How Google API Engagement Data Points Impact SEO

A Google Leaks Deep Dive

Written for & first appeared on Sisters in SEO – quoted by Chima Mmeje for Moz.

The Google API Leak has revealed several engagement data points used as ranking signals. In total, the leak includes 2,569 documents with 14,014 attributes and features related to the API.

So what started all of this?

Well, an anonymous source (later revealed) took the leak to Rand Fishkin, who called on Mike King to help authenticate the documents. They each wrote their analysis, and the SEO industry went wild.

Ultimately Google confirmed the authenticity of the leaked documents to The Verge. Google didn’t intend for this to be leaked…or did they?! Regardless of intent, it should be noted that the leak does seem to corroborate some of the information from DOJ evidence, Google white papers, and patent applications.

As someone who likes reading Google’s patents, I take the Google API Leak as validation & an opportunity to geek out a little, nothing more, nothing less.

TL;DR:
Engagement data, including clickstream information and user interactions, plays a significant role in determining the relevance and is quite likely a subset of ranking signals for search results. This raises important questions about data collection and transparency, necessitating clear communication from Google to maintain user trust.Stefanie Morris

Google’s How Search Works documentation says, “Search algorithms look at many factors and signals.” So what are signals? The search query you used, the relevance and usability of related pages, expertise associated with the query, your location & other settings. Google’s documentation goes on to say, “The weight applied to each factor varies depending on the nature of your query.”

A signal here is something that can be used in the algorithms and systems that make calculations to help determine rankings.

This is accomplished by using signals to create data, broadly called ‘aggregated and anonymized interaction data’. With that data, Google is able to “assess whether search results are relevant to queries.” This data is then used to create a signal to the machine learning system to “to better estimate relevance” of the search results.
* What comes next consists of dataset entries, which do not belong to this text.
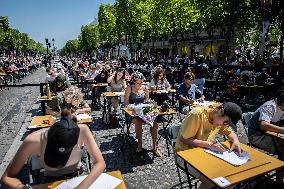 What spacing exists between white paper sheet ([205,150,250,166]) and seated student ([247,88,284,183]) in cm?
135

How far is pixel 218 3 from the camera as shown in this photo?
2728 cm

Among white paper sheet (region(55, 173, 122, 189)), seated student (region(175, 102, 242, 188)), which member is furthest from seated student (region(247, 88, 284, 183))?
white paper sheet (region(55, 173, 122, 189))

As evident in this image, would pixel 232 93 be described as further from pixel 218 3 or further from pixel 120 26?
pixel 120 26

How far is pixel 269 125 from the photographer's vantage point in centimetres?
480

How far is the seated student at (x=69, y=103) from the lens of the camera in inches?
216

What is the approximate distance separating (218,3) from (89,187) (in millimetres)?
26976

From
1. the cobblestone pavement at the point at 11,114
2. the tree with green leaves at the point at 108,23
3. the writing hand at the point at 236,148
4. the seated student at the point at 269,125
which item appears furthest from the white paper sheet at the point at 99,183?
the tree with green leaves at the point at 108,23

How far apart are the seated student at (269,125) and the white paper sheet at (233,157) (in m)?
1.35

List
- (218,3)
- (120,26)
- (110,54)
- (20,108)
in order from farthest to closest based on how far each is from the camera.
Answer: (110,54)
(120,26)
(218,3)
(20,108)

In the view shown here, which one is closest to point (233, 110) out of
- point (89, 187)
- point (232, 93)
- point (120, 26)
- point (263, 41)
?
point (89, 187)

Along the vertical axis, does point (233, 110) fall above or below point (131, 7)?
below

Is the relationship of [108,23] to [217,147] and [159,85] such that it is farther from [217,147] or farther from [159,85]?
[217,147]

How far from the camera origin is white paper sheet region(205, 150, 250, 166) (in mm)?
3461

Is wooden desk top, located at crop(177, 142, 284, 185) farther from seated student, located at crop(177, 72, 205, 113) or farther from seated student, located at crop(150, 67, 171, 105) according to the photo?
seated student, located at crop(150, 67, 171, 105) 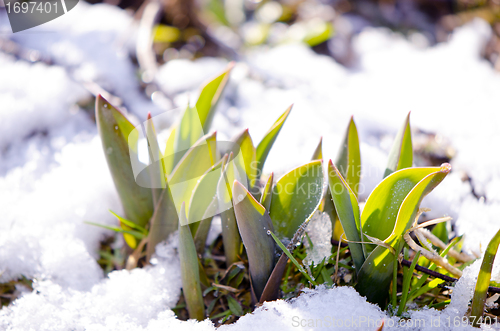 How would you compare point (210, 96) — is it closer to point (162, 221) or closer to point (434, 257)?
point (162, 221)

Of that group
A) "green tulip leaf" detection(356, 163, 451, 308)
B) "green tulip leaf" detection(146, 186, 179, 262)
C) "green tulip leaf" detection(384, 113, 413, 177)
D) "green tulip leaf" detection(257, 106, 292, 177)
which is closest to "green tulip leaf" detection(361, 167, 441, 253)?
"green tulip leaf" detection(356, 163, 451, 308)

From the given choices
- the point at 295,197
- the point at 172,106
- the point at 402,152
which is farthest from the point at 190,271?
the point at 172,106

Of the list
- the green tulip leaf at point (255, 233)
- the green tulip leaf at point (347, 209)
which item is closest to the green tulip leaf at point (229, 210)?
the green tulip leaf at point (255, 233)

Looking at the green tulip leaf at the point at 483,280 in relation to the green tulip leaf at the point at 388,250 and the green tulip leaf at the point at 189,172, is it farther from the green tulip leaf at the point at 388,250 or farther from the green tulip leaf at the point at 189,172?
the green tulip leaf at the point at 189,172

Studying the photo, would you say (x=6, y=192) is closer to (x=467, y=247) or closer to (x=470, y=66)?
(x=467, y=247)

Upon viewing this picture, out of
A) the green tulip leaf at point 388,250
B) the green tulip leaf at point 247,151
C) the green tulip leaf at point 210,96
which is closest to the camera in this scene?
the green tulip leaf at point 388,250

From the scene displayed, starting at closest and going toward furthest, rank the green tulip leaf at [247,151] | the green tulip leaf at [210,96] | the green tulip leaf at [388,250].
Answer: the green tulip leaf at [388,250]
the green tulip leaf at [247,151]
the green tulip leaf at [210,96]

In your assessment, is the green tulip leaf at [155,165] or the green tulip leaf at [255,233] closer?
the green tulip leaf at [255,233]

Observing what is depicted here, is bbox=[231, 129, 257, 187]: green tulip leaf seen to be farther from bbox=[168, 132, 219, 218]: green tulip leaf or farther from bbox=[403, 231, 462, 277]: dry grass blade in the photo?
bbox=[403, 231, 462, 277]: dry grass blade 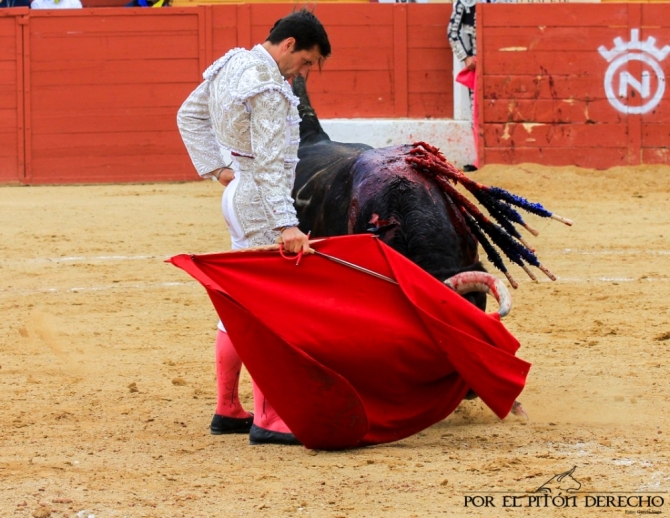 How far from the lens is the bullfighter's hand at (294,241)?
2.78 m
Disclaimer: Sisters in SEO often refers and links to websites, tools, apps, and other content that can help improve your skills and build your business. Sometimes, we receive compensation if readers sign up or make a purchase. A sister’s gotta eat!
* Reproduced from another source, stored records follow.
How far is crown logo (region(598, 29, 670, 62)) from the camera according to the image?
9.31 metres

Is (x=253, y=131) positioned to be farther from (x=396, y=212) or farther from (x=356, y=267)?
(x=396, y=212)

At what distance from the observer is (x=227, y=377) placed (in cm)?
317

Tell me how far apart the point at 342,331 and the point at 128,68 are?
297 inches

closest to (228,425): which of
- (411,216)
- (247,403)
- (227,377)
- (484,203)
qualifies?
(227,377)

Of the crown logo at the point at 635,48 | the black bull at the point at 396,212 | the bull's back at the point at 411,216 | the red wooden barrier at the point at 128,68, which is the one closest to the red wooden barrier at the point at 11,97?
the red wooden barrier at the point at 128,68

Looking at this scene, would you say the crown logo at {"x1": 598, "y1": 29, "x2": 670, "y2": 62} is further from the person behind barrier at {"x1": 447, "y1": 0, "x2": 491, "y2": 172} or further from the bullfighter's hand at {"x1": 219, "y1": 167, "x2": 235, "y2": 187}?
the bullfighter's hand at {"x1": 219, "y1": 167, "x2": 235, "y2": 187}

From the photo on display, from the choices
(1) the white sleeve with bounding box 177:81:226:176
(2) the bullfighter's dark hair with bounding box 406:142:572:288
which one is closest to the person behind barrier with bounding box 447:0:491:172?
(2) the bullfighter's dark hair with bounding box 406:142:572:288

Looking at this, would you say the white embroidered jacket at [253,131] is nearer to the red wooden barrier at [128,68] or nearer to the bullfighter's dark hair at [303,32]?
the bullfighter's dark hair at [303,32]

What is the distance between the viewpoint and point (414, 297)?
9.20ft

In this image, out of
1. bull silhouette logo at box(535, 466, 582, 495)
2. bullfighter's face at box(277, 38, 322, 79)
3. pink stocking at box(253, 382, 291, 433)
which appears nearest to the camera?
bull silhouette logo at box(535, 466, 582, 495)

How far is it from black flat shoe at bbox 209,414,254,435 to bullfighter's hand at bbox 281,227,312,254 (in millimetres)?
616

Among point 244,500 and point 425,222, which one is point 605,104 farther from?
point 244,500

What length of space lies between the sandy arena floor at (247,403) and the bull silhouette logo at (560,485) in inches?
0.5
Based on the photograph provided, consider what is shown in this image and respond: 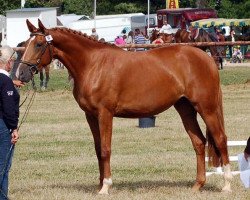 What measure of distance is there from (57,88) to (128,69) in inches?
671

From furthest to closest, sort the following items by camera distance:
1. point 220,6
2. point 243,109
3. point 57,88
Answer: point 220,6
point 57,88
point 243,109

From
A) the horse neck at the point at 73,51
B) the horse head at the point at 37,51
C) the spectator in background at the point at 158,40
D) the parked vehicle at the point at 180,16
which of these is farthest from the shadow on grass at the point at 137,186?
the parked vehicle at the point at 180,16

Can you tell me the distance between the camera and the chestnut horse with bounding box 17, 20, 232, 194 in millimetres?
11227

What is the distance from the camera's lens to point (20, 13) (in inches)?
2099

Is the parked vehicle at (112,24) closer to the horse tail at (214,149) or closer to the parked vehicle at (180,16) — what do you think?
the parked vehicle at (180,16)

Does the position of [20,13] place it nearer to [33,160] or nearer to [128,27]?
[128,27]

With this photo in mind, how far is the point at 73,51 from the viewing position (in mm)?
11461

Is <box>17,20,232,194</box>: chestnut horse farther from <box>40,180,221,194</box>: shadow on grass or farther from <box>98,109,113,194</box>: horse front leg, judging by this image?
<box>40,180,221,194</box>: shadow on grass

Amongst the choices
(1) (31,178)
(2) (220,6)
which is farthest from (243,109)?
(2) (220,6)

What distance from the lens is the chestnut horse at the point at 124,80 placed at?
1123cm

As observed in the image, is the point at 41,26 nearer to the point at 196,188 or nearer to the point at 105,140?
the point at 105,140

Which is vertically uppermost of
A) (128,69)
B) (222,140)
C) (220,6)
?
(128,69)

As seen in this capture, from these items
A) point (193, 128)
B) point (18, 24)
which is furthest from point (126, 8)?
point (193, 128)

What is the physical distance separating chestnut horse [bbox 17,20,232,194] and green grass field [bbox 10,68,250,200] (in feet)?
Result: 1.45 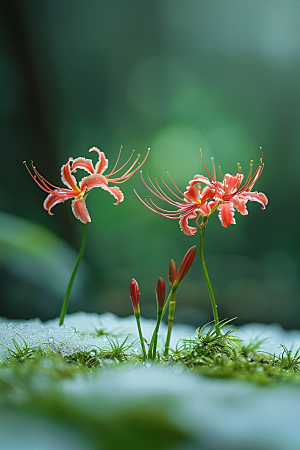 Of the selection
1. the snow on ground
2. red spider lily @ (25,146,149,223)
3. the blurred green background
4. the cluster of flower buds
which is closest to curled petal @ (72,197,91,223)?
red spider lily @ (25,146,149,223)

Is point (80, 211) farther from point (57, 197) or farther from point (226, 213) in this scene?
point (226, 213)

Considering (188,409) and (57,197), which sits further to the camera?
(57,197)

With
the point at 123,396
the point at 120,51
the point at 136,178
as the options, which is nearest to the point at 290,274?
the point at 136,178

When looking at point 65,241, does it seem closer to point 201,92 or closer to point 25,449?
point 201,92

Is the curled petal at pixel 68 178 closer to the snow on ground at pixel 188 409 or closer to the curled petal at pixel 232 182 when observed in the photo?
the curled petal at pixel 232 182

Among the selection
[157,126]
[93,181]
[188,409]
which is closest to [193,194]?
[93,181] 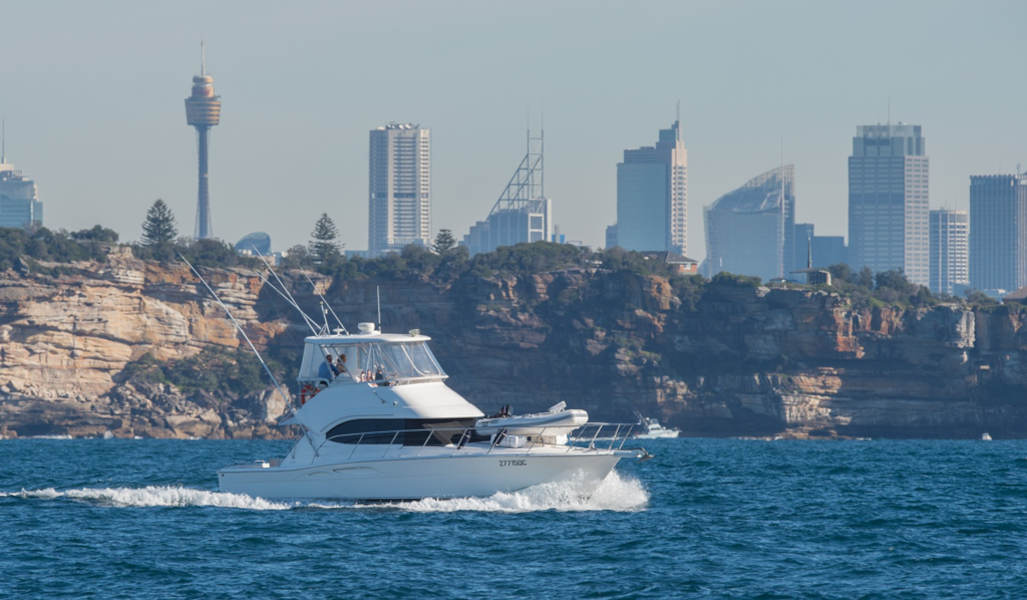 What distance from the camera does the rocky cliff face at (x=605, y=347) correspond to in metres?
123

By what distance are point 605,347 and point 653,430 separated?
9706mm

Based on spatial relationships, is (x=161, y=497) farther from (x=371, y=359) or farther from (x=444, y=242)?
(x=444, y=242)

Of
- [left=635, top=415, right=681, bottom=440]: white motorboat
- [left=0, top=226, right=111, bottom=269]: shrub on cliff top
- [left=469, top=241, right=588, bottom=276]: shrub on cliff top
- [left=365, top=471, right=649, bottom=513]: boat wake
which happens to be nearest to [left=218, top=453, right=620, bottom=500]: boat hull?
[left=365, top=471, right=649, bottom=513]: boat wake

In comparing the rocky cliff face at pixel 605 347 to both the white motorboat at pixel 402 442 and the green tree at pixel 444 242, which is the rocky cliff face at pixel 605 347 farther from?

Key Engagement Data Attributes

The leak mentions several engagement data points, or Attributes, that could contribute to Google’s ranking signals. Traditional engagement data attributes include user engagement duration, bounce rate, pages per session, CTR, and social interactions. In this blog post, I’m abstracting some of those so we can discuss specific Attributes from the API documentation.

The documentation of ContentAttributions, NavBoost, Clickstream Data, User Experiences & Personalization, and Page Titles all impact user engagement data. Although the weight and current use of these features is speculative, the Attributes mentioned provide us with valuable insights.

ContentAttributions

This stores information about the original source of content, which can influence how content is perceived and shared, potentially affecting user interactions and time spent on a page.

“The following protobuf is used to store an attribution from one page to (usually) one other page, giving credit for the content. This information is used during ranking to promote the attributed page. This protobuf is copied from a quality_contra::SelectedAttribution. See //quality/contra/authorship/attribution and https://qwiki.corp.google.com/display/Q/ContentTrackingContentAttribution.”

Attributes

freshdocsOutgoing (type: list(GoogleApi.ContentWarehouse.V1.Model.ContentAttributionsOutgoingAttribution.t), default: nil) – Selected outgoing attributions extracted on FreshDocs.
offlineOutgoing (type: list(GoogleApi.ContentWarehouse.V1.Model.ContentAttributionsOutgoingAttribution.t), default: nil) – Selected outgoing attributions extracted via offline MR jobs.
onlineOutgoing (type: list(GoogleApi.ContentWarehouse.V1.Model.ContentAttributionsOutgoingAttribution.t), default: nil) – Selected outgoing attributions extracted online on Alexandria.

Navboost

One of the most important ranking factors based on click data from Google Chrome. Pandu Nayak, VP of Search at Google was noted as saying “Navboost is important…plenty of other signals are also important…” in the DOJ trial transcript.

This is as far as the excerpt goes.